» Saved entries

□ □ □ □ □ □ □

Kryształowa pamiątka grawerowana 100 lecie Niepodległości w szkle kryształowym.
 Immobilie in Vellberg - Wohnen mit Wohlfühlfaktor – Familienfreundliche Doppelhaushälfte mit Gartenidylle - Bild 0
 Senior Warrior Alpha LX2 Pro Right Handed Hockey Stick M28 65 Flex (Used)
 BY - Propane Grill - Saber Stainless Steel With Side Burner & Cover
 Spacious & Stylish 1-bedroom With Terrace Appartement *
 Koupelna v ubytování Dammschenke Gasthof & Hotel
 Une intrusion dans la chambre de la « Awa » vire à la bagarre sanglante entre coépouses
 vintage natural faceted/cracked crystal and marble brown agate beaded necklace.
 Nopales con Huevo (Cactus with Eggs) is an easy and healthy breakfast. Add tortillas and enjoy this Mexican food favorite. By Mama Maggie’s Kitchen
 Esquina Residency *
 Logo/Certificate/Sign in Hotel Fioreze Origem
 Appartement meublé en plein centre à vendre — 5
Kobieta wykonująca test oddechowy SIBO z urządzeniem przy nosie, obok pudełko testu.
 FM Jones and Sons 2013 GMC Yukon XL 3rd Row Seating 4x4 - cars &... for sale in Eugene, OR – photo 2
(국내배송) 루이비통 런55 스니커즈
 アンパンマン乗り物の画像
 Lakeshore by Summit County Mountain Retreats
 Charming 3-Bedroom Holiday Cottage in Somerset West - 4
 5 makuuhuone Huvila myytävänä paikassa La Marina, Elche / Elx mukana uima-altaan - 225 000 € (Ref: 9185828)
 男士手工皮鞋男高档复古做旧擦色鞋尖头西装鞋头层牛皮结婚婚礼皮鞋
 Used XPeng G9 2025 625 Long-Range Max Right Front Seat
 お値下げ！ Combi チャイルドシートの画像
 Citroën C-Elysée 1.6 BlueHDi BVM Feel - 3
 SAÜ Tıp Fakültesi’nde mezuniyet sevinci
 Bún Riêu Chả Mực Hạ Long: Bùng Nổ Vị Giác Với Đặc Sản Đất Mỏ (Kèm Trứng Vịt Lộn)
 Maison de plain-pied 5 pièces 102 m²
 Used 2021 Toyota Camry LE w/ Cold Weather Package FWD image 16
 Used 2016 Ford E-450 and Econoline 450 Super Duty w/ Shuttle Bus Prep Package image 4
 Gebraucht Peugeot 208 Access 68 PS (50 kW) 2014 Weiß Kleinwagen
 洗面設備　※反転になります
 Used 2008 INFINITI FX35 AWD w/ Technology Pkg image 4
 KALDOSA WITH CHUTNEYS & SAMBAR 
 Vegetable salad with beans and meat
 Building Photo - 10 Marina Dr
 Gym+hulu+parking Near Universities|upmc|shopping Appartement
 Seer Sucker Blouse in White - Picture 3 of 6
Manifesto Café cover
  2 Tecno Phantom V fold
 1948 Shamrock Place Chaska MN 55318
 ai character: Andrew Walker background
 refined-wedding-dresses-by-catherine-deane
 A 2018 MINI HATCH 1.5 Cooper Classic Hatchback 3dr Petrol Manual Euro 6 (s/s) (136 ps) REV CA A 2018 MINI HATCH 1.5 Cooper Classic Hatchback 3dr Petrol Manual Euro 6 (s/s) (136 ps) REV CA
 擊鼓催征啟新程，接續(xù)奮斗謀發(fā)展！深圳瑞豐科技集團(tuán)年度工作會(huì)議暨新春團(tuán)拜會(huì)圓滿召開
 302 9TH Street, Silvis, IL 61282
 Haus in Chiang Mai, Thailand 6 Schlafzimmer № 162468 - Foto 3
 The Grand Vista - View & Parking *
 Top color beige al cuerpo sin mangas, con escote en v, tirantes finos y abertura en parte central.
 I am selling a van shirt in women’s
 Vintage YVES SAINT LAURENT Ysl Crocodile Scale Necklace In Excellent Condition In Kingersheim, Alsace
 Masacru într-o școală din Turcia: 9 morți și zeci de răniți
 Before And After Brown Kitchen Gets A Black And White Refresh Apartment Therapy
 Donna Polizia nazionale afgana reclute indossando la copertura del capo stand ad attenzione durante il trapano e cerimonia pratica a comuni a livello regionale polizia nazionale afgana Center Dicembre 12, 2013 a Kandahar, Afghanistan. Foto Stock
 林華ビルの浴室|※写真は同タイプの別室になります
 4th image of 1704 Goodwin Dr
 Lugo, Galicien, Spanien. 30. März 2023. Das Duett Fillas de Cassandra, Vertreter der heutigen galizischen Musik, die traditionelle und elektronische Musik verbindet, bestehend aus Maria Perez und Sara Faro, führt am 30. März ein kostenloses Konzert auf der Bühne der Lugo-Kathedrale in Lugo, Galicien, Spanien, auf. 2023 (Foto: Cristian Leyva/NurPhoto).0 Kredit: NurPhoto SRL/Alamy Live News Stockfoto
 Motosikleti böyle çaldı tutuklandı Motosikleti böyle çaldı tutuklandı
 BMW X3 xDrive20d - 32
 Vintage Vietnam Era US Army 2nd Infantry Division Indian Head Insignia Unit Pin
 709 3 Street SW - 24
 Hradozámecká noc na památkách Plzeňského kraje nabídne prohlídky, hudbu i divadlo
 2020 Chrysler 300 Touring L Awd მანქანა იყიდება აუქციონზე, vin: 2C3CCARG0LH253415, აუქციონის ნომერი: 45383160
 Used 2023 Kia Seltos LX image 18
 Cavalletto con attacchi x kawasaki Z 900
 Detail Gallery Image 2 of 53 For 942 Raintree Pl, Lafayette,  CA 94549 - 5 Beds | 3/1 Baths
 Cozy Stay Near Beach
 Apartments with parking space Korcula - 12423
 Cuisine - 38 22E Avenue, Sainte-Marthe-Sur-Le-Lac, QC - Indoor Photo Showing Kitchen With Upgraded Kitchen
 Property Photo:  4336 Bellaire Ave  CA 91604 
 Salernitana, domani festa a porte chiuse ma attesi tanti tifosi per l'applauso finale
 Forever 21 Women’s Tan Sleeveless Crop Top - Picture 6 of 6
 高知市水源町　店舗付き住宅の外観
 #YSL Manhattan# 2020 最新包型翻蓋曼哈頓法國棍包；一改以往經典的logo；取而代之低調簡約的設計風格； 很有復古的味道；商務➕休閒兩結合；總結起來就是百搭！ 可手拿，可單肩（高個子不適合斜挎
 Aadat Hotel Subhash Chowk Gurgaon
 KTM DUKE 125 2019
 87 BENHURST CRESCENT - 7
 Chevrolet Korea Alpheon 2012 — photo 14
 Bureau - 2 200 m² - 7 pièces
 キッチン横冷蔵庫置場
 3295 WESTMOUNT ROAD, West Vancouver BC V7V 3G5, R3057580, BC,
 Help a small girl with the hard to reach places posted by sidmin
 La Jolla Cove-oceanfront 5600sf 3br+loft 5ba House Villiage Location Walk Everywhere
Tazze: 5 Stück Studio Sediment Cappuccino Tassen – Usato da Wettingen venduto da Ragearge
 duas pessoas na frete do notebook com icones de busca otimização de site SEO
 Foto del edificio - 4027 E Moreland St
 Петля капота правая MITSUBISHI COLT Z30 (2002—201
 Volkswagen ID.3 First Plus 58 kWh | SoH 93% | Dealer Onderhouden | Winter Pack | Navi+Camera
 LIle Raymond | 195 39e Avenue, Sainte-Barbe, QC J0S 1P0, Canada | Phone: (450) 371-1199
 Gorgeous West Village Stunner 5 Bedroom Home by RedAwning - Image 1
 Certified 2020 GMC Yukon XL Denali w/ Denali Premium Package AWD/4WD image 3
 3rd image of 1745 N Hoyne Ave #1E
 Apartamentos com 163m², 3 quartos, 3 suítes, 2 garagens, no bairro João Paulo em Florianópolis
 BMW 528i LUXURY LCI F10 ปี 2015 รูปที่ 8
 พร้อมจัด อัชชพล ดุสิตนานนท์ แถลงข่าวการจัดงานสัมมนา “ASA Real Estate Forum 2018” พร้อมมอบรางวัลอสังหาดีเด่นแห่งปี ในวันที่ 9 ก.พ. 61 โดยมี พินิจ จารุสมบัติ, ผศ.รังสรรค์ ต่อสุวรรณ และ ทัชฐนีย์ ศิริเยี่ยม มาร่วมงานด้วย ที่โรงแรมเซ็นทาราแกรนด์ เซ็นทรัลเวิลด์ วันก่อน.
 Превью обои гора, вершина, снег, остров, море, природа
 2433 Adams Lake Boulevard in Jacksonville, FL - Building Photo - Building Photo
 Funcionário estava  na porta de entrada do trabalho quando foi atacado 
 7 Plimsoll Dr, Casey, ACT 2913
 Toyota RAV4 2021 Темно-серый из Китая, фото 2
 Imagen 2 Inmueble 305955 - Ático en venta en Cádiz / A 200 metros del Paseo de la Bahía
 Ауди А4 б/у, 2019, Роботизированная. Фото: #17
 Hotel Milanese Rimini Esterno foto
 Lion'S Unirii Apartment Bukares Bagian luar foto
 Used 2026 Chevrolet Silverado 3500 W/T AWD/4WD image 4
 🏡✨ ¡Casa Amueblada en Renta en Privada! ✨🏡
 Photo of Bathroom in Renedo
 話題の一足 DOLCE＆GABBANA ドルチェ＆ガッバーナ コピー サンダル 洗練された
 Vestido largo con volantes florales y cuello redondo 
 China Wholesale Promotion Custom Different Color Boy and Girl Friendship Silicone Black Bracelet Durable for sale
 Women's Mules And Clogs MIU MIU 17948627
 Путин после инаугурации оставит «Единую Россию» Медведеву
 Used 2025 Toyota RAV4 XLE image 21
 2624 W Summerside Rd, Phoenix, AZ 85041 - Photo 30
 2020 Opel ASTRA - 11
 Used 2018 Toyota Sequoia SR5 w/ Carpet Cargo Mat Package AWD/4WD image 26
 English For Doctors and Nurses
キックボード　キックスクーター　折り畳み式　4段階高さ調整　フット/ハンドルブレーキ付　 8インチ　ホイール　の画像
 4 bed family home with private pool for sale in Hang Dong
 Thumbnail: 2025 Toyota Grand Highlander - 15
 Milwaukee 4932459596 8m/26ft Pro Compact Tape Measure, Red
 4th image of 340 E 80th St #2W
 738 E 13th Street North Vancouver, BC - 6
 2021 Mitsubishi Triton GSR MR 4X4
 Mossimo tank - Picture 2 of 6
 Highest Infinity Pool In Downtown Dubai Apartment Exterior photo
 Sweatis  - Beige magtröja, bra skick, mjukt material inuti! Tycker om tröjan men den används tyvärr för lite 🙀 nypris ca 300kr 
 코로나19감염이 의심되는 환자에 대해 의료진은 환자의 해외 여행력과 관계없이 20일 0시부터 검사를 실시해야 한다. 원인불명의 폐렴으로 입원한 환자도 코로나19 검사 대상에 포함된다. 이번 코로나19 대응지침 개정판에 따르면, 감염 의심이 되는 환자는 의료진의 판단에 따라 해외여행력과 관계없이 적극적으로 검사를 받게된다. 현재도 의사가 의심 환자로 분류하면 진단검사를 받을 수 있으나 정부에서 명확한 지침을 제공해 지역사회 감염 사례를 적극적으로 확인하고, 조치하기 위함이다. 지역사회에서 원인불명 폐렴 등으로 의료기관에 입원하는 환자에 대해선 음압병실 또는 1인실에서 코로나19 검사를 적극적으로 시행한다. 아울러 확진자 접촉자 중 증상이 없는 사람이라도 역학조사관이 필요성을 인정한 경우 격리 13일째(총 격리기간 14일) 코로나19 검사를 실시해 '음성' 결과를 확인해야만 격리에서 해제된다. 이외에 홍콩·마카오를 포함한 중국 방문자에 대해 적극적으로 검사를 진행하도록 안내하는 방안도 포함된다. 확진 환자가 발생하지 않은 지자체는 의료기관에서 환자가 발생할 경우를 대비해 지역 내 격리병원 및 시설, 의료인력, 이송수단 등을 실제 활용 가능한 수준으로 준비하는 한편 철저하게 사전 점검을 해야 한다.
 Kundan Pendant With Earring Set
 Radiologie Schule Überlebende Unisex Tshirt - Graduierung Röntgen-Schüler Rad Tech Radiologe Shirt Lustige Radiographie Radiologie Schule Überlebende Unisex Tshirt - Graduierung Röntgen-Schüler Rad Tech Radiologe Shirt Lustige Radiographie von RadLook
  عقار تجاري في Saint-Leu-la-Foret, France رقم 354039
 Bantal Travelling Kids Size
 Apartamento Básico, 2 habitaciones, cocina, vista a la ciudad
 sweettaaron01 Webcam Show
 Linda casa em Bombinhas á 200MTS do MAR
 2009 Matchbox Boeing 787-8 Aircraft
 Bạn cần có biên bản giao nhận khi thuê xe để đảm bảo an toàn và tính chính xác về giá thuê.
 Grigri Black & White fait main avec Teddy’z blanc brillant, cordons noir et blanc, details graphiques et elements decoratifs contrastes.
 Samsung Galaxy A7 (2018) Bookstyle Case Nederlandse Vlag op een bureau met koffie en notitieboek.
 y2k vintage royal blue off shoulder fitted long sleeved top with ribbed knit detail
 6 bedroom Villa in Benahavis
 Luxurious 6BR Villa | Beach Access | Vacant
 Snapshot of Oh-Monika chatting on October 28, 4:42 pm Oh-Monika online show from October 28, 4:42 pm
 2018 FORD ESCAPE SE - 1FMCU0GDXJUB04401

□ □ □ □ □ □ □

» Assignment
In the entries above, find the line with "Motosikleti böyle çaldı tutuklandı Motosikleti" and the line with "Cozy Stay Near Beach", then set down exactly those two and every line between them, nothing else.

» Solution
 Motosikleti böyle çaldı tutuklandı Motosikleti böyle çaldı tutuklandı
 BMW X3 xDrive20d - 32
 Vintage Vietnam Era US Army 2nd Infantry Division Indian Head Insignia Unit Pin
 709 3 Street SW - 24
 Hradozámecká noc na památkách Plzeňského kraje nabídne prohlídky, hudbu i divadlo
 2020 Chrysler 300 Touring L Awd მანქანა იყიდება აუქციონზე, vin: 2C3CCARG0LH253415, აუქციონის ნომერი: 45383160
 Used 2023 Kia Seltos LX image 18
 Cavalletto con attacchi x kawasaki Z 900
 Detail Gallery Image 2 of 53 For 942 Raintree Pl, Lafayette,  CA 94549 - 5 Beds | 3/1 Baths
 Cozy Stay Near Beach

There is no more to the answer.